El discurso ejercido por los voceros del régimen actual, haciendo un corte radical entre un antes y después, esconde en el fondo, un alegato en favor de la ociosidad y el ejercicio del poder de una clase nostálgica por gozar de los innumerables privilegios de la política y el Estado: tráfico de influencias, negocios ilícitos, vida de lujos, prostitución, impunidad, malversación, enriquecimiento ilícito, coimas, diezmos y otros. Con el paso de los años, los políticos socialistas y sus pares liberales, se han narcotizado con las delicias del poder; no otras cosas significan el vivir bien; pero como dice el teólogo, Víctor Codina, «siempre vivir a costa de los otros», es hoy la regla de los políticos del actual gobierno. Un caso patético de este vivir a costillas de los otros se grafica en el régimen venezolano de Nicolás Maduro. Y en nuestro país esos otros que sustentan el vivir bien de los políticos son los indígenas, campesinos, clase media y migrantes en los cinturones periurbanos de las urbes.
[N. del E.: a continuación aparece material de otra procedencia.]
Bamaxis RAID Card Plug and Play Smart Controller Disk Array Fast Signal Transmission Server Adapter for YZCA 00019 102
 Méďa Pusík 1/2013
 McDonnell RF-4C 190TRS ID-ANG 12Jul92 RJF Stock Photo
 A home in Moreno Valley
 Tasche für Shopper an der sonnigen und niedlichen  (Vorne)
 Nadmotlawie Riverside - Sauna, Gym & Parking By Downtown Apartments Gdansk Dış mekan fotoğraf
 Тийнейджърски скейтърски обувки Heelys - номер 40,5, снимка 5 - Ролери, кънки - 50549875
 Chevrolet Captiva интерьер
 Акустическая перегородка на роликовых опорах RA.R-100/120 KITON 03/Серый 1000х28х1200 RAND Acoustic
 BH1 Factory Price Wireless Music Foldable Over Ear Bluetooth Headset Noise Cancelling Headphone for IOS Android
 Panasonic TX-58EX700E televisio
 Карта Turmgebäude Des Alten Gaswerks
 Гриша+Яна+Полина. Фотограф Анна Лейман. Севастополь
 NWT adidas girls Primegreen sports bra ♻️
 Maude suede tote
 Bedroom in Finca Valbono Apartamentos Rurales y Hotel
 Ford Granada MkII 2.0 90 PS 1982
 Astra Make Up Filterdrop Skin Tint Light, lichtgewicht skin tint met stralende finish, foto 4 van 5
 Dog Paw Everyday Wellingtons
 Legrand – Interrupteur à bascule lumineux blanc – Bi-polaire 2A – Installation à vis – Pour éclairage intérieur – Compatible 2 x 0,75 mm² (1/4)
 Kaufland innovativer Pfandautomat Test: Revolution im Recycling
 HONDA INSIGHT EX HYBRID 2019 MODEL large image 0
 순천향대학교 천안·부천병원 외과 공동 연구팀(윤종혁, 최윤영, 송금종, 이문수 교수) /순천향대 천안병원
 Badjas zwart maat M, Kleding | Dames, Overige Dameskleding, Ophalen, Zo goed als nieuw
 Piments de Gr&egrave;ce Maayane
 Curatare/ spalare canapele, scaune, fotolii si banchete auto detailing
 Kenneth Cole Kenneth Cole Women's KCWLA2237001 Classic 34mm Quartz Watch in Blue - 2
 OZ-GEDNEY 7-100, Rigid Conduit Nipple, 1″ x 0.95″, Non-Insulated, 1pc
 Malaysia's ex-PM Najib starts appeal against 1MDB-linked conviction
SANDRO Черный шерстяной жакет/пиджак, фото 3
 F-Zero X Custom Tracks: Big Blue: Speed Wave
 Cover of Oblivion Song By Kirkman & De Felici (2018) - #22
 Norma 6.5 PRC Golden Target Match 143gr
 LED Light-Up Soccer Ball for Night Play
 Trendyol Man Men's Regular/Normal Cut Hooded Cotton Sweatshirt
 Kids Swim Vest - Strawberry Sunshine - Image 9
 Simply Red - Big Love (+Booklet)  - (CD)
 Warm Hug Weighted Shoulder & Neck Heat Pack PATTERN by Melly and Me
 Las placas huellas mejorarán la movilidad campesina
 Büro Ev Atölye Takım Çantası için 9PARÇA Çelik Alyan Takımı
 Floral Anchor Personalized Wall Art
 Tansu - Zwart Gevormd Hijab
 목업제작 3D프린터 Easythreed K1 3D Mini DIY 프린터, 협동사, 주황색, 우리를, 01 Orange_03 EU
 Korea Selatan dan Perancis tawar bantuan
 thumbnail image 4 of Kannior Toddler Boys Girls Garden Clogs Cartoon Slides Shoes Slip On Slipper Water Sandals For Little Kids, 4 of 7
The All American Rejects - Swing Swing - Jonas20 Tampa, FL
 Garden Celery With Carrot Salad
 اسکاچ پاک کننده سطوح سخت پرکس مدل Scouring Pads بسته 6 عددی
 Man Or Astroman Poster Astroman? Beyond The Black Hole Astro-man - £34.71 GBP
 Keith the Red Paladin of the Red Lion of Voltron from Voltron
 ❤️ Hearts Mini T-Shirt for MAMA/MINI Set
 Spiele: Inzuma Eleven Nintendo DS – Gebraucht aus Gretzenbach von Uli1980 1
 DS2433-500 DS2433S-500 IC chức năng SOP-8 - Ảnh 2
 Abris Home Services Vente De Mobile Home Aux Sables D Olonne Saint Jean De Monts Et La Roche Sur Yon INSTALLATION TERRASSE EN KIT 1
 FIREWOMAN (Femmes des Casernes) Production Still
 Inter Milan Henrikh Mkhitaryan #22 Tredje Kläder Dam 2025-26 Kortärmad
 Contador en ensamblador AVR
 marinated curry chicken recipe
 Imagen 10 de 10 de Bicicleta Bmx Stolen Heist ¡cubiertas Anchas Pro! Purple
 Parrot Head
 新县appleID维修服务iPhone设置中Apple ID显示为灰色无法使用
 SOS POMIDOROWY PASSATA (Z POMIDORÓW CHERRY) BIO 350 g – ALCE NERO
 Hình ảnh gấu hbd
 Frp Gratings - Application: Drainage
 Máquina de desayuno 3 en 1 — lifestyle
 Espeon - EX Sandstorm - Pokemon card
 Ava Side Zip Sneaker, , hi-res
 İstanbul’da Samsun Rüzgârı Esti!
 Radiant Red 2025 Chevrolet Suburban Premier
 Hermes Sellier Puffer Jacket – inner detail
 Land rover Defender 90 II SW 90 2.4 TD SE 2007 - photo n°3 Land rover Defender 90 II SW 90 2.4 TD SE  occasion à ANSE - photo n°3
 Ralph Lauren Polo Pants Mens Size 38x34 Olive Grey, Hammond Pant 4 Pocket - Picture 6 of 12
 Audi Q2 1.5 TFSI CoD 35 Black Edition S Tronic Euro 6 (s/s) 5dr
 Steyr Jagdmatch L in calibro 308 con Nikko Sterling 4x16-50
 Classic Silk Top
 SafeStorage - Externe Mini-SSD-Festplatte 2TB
Por tanto, la nostalgia teñida de crítica de los políticos de hoy por un antes, no es sino, falsa y aparente, porque esos privilegios los sitúa en la cumbre del vivir bien, frente al resto de la población. Y es transparentemente obvio en estas condiciones, que la clase política ociosa no tiene la menor intención de dejar el poder. Las artimañas para permanecer en el ojo de los privilegios y embadurnarse con el maquillaje del poder, son innumerables. Torcer la constitución en función del goce de privilegios es una acción propia de los políticos ociosos. La ilustración de Erich From acerca de la diferencia entre enamorarse y amar es perfectamente aplicable al político y su aparente nostalgia. Están enamorados del poder. No aman el poder. Porque en el momento en que se rompe esa relación, sienten que lo que les hará una falta única es el placer del poder, no el amor. Pues, los privilegios les lleva a creer que aman el poder. Amar el poder es dejar que ideas diferentes y hasta confrontadas, puedan converger en función del bien común.

Por el momento, la clase política ociosa, más cercana que nunca a los militares, no están dispuestos a renunciar al placer fruto de su profundo enamoramiento del poder. Por eso, ya se avizora en el horizonte de nuestro país, nubes de confrontación, porque en su momento no querrán irse del poder los ociosos que viven de la política y el Estado.